Dataset section
*-*-*

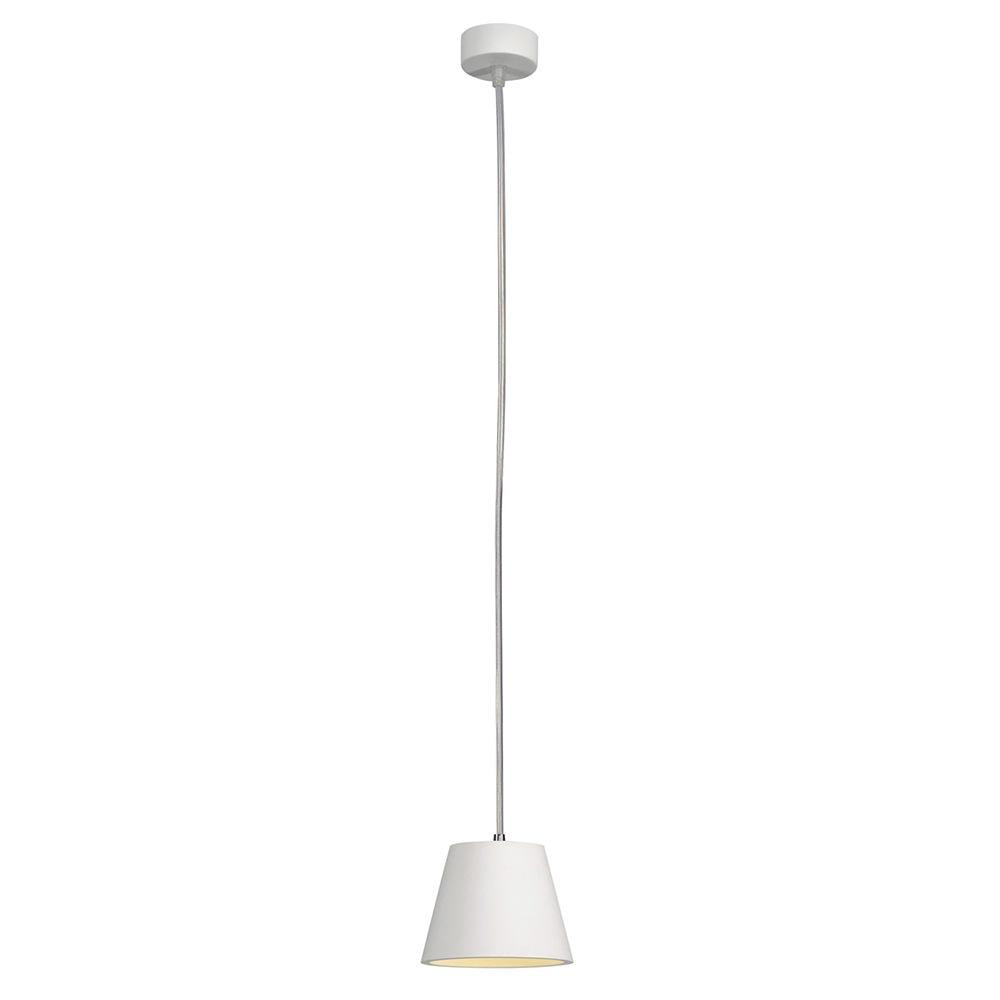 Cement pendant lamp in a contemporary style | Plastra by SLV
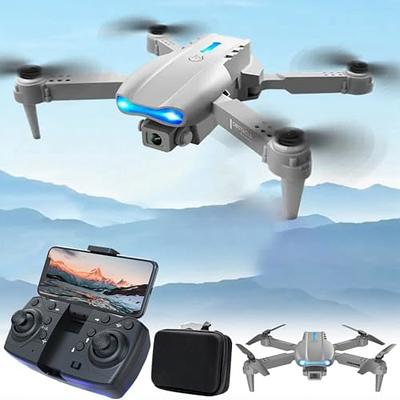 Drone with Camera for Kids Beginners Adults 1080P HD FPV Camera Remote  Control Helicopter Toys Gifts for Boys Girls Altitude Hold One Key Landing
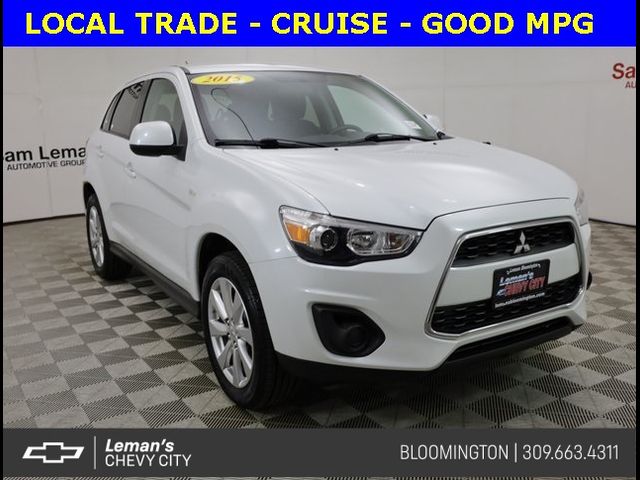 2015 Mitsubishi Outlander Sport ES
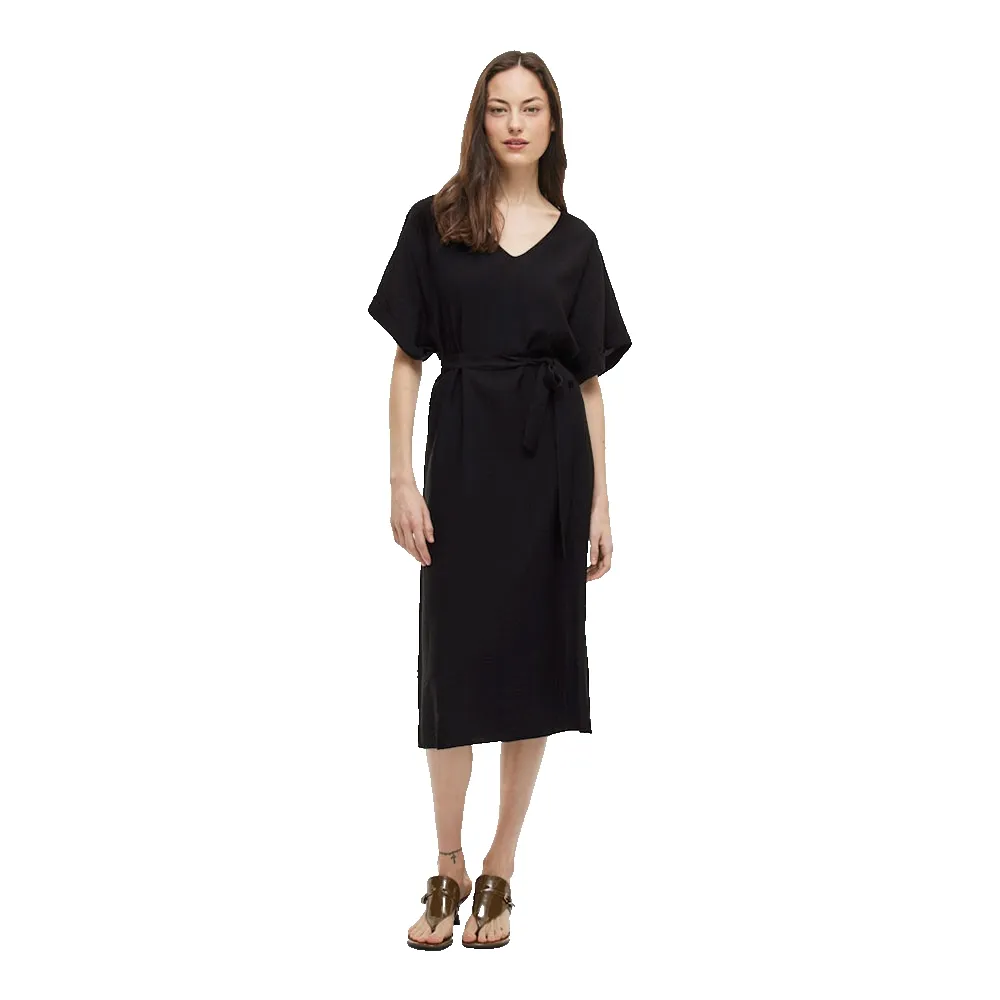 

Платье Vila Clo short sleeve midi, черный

*-*-*

Description of the task
Restate word for word the lines from the one containing "Drone with Camera" through the end of the material above, both included, and nothing besides; drop the pictures.

Written reply
 Drone with Camera for Kids Beginners Adults 1080P HD FPV Camera Remote  Control Helicopter Toys Gifts for Boys Girls Altitude Hold One Key Landing
 2015 Mitsubishi Outlander Sport ES

Платье Vila Clo short sleeve midi, черный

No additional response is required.